Elektra String Quartet photo gallery
“There is a whole world of music that defies the neat categories of marketing departments and record stores. The many artists who dare to fall between the cracks, -who cannot be accurately labelled jazz, classical, rock …and so on, –run the risk of being ignored or even ostracised by an industry that doesn’t care for deviants.
So it is that an ensemble like Elektra can fall between the shop shelves, radio programs, critics and even between venues. …. This quartet, under the musical direction of Romano Crivici, dares to be different in many ways. It uses amplification and electronics, it encompasses improvisation from within the ensemble and from guests, and it predominantly –on this night entirely- plays the compositions of Crivici.
The longest piece presented was Gregorian Funk, which began with a highly-charged introduction from cellist Marcus Hartstei, leading to a genuine sense of groove as the ensemble strutted its way through Crivici’s funky riffs.”
John Shand - Sydney Morning Herald, 18th June, 1997
Romano Crivici formed the Elektra String Quartet in 1990. It came to be considered one of Australia’s most innovative and prolific ensembles in the contemporary music scene. Performing both nationally and internationally with tours of South America and Europe, it presented an always exciting and accessible range of music, with particular focus on Australian composers, and the compositions of its director and founder, Romano Crivici.
The quartet continues to flourish. Its recent concert series at Venue 505 in Sydney, won the Sydney Fringe Festival Genre Excellence Award for Best Musical Performance with its perfromance of Crivici's Gregorian Funk
The quartet has a stellar line-up of performers - Andrew Haveron and Romano Crivici on violin, Robert Harris, viola and Adrian Wallis playing cello.

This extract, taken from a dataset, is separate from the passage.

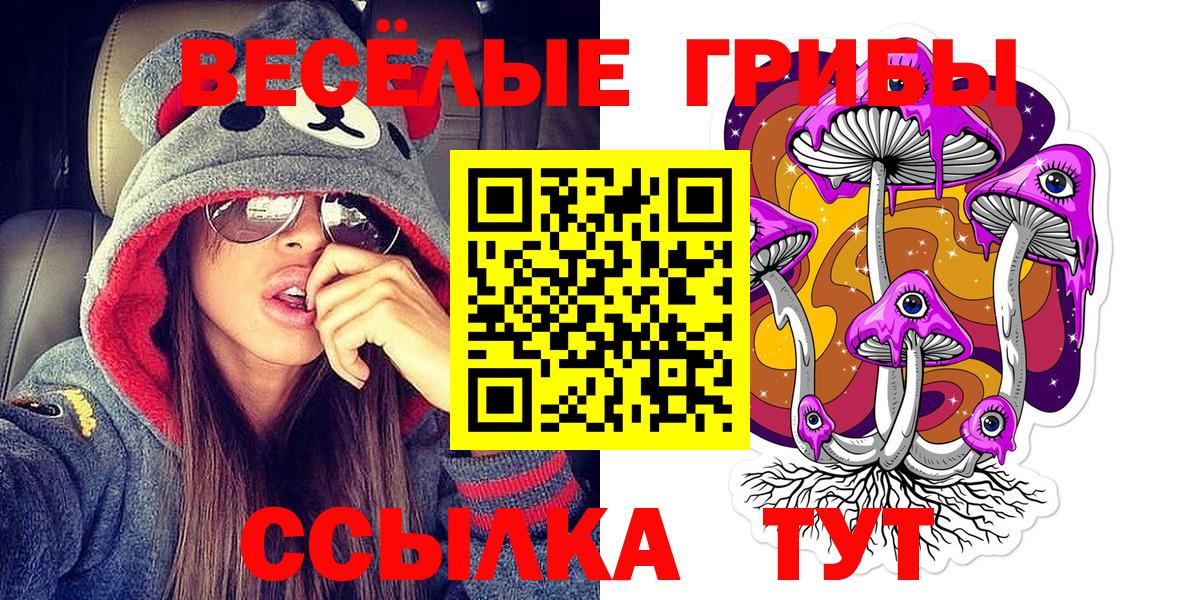 Псилоцибиновые грибы Psilocybine cubensis  Вход с VPN  Туймазы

Sydney-based, Elektra came into being in 1990 in response to its members strongly felt need to go beyond the conventional limits, images and accepted boundaries of the traditional string quartet.
Performing both nationally and internationally Elektra received critical acclaim as a ground breaking, exciting and always accessible voice in the Australian contemporary music scene
Crivici says - "Looking back, it is almost strange to remember the excitement and uniqueness of being in a position to explore, and participate in the creation of new music, new techniques, sounds and technologies, both amongst ourselves, and in collaboration with other musicians and composers. As such, our performance philosophy consisted in balancing our experimental and improvisational musical explorations with solid core works in our programming"
Members of the quartet have changed over the years:
Mirka Rozmus, Jacob Plooj, Chris Latham, Romano Crivici on violin; Rudi Crivici on viola and Adrian Wallis, Marcus Hartstein, Peter Morrison, Emma Luxton, on cello.
Elektra performed works by its director and founder Romano Crivici, as well as commissioning many new works by Australian composers including the following:
Elektra Pulses Roger Dean (for quartet and prepared tape), 1993
High Tension Wires - Nigel Westlake premiere, 1993
Simple Pleasures - Blair Greenberg (string quartet), 1994
Tao Streams - Peter Schaeffer (sitar & string quartet), 1994
Gaussian Blur Equation - Tony David Cray, 1995
Fornicon Suite - Martin Armiger, 1995
Enyato I - Ross Edwards, 1996
Flow - Robert Davidson, 1996
Romberto’s Return - Linsey Pollak (vln, vla & loop), 1997
Phospherics - Paul Stanhope (sax, vln and vla), 1997
Life at 20,000KPa - Mathew Hindson (vln, vla & loop), 1997
Bent Bucolic Blues - Greg White (vln, vla and loop), 1997
String Quartet No 1 - Greg White, 1997
Acid Rain - Linsey Pollak (quartet and loop), 1998
Techno-Logic 1,3,5 - Mathew Hindson, 1998
Each of these compositions, in their different ways embodied some of the wild and experimental urges in our collective explorations. In retrospect, it is easy to see that it was a two way flow, between the performers and creators, and that in our interactions we all learned from each other and were changed.
We are grateful indeed to have been involved in, beyond the conventional limits, images and boundaries into something deeper and in the end, dare one say it, universal. That is, in giving voice to our living composers in whose music was being expressed something of the soul. Who could have asked for anything more!?